» MATERIAL FOR THE TASK
----------

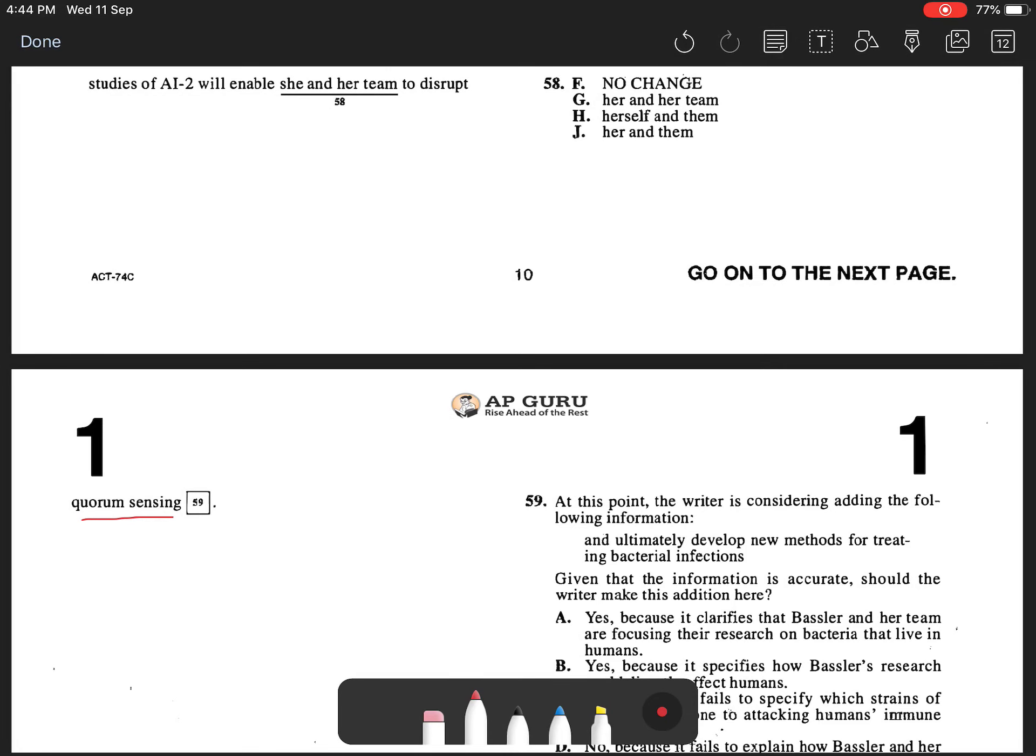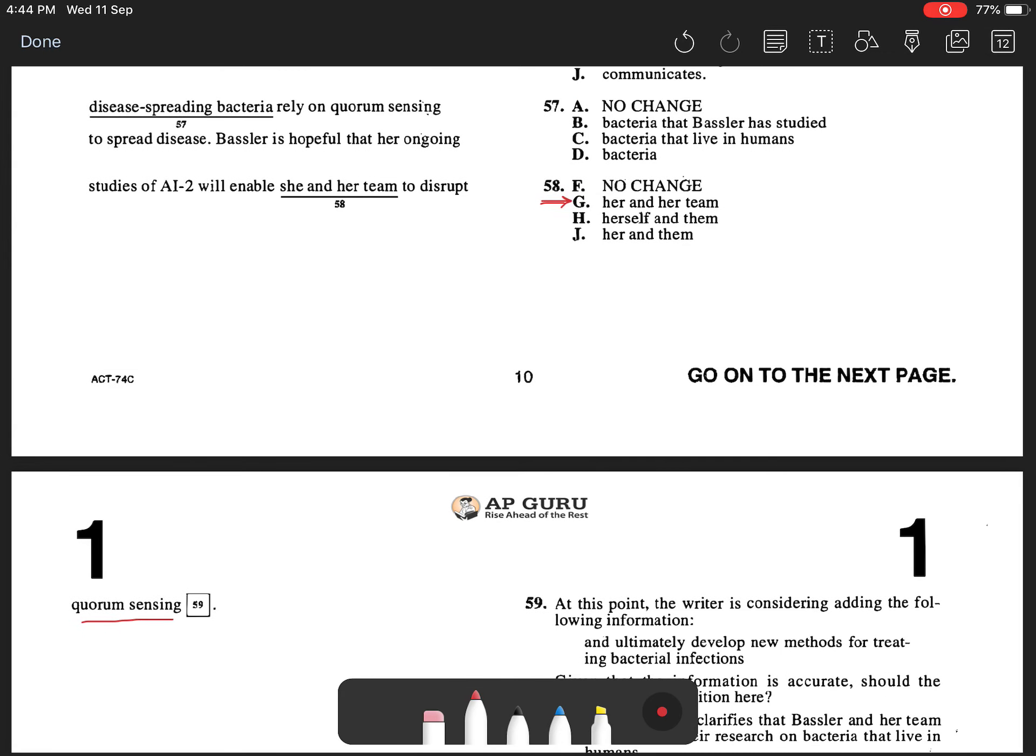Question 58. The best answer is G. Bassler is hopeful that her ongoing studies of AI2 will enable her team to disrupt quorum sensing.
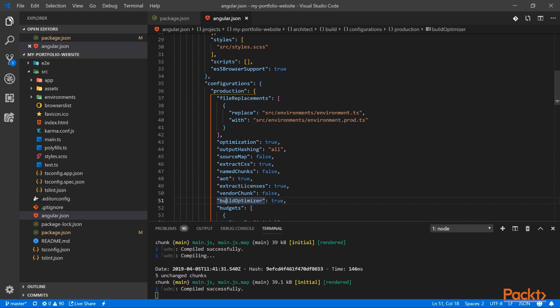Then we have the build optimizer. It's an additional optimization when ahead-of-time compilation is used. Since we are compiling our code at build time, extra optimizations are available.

----------

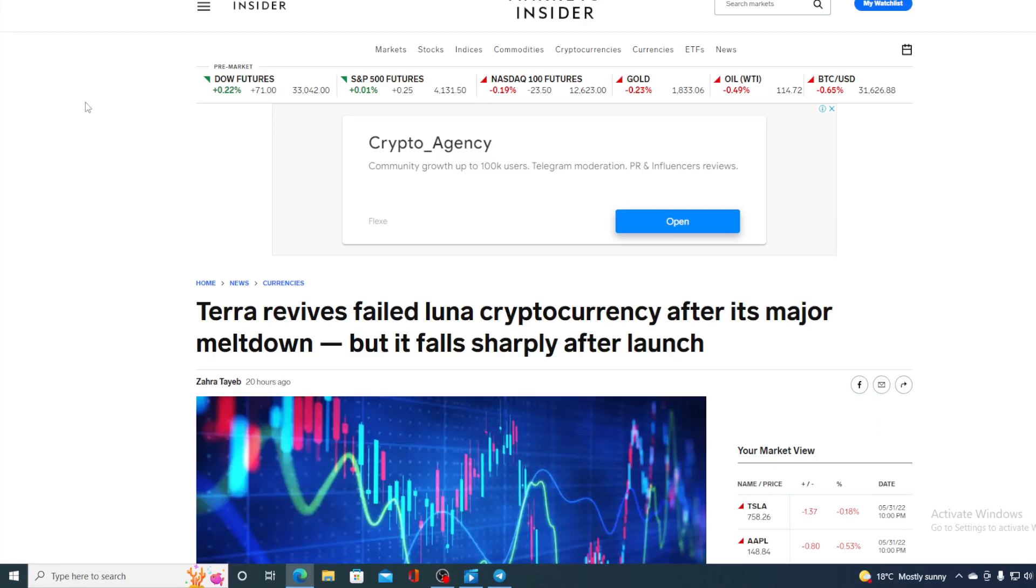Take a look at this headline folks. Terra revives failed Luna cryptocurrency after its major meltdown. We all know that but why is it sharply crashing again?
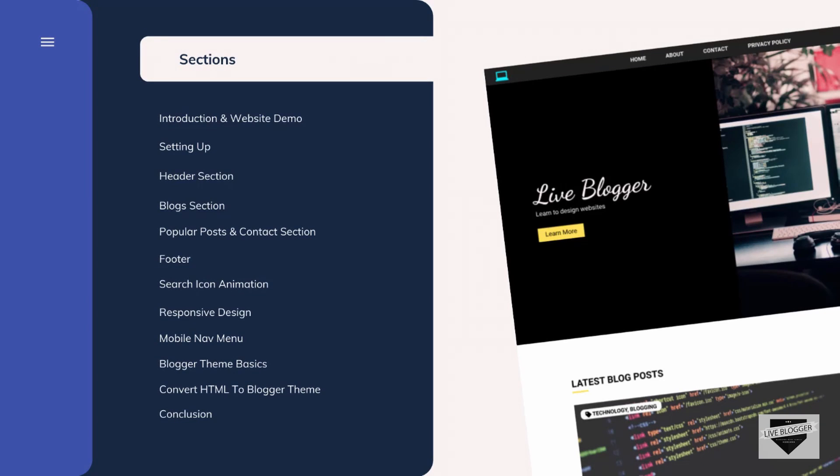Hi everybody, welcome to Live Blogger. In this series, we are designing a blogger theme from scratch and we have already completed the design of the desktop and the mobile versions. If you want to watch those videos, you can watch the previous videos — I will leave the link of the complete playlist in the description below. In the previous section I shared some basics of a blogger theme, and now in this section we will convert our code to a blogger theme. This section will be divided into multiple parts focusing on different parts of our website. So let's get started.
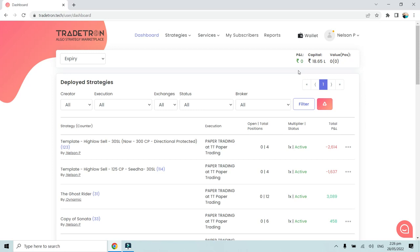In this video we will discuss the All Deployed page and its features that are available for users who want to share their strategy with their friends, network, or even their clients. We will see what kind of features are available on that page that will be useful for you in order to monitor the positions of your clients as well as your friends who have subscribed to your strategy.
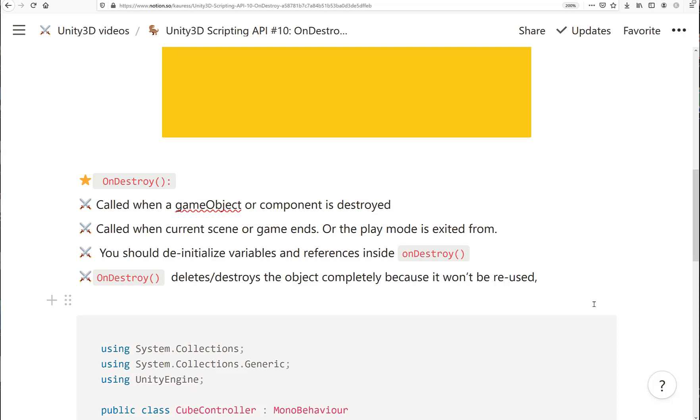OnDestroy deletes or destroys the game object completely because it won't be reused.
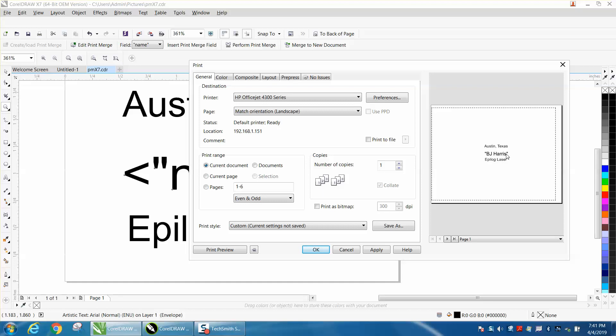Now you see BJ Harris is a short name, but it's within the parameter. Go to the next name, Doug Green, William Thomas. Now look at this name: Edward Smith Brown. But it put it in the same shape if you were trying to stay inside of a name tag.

----------

» WHAT IS EXPECTED
With pictures omitted, repeat the entries above word for word from the line holding "Question 58. The" down to the line holding "Then we have", keeping both of those lines.

» ANSWER TO THIS EXERCISE
Question 58. The best answer is G. Bassler is hopeful that her ongoing studies of AI2 will enable her team to disrupt quorum sensing.
Then we have the build optimizer. It's an additional optimization when ahead-of-time compilation is used. Since we are compiling our code at build time, extra optimizations are available.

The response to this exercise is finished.